TASK ITEM: The task requires repeating, word for word, the lines from the one with "Ornement Rond En" through the end of the material, leaving out all pictures.

INFORMATION SUPPLIED:
┌──

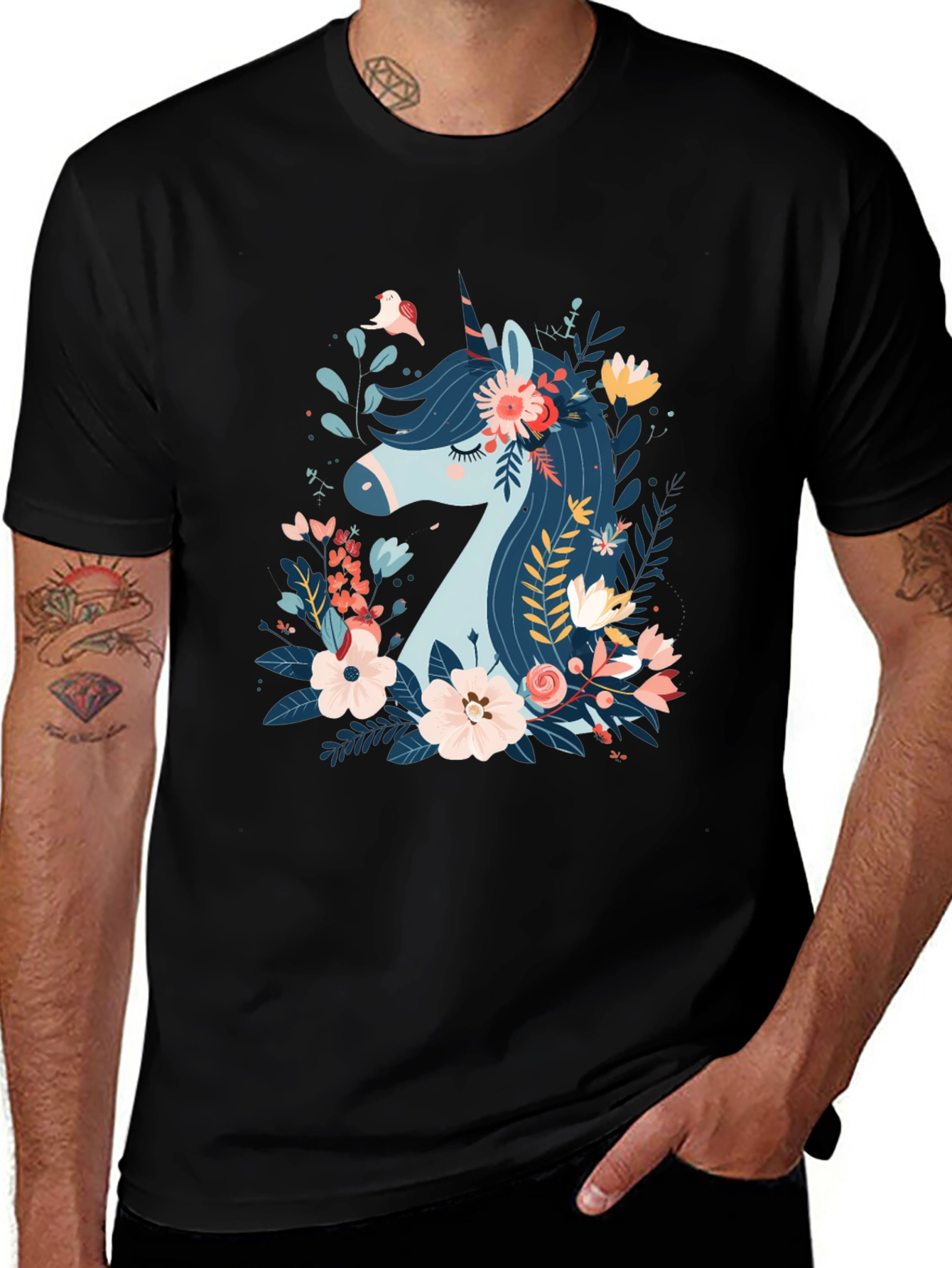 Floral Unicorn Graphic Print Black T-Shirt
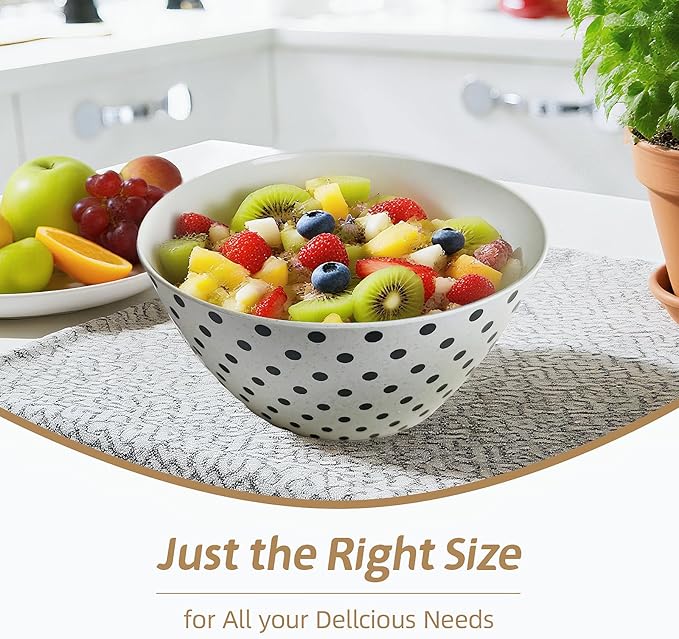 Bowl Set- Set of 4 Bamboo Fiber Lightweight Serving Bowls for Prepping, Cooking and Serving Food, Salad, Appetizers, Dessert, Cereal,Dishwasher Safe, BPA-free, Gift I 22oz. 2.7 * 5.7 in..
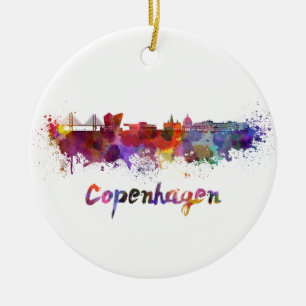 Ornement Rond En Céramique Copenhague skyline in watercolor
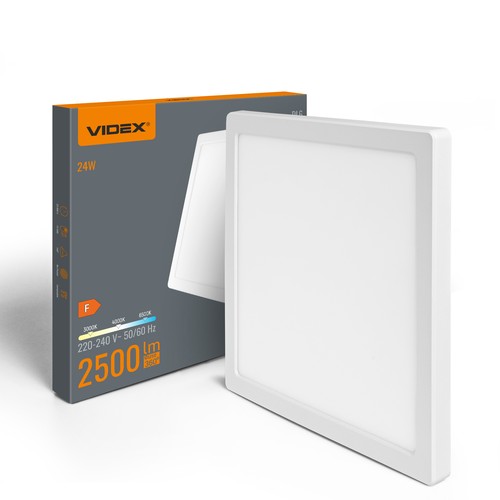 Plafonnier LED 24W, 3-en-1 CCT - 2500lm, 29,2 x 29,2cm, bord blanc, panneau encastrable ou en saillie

└──

RESPONSE TO THE EXERCISE:
 Ornement Rond En Céramique Copenhague skyline in watercolor
 Plafonnier LED 24W, 3-en-1 CCT - 2500lm, 29,2 x 29,2cm, bord blanc, panneau encastrable ou en saillie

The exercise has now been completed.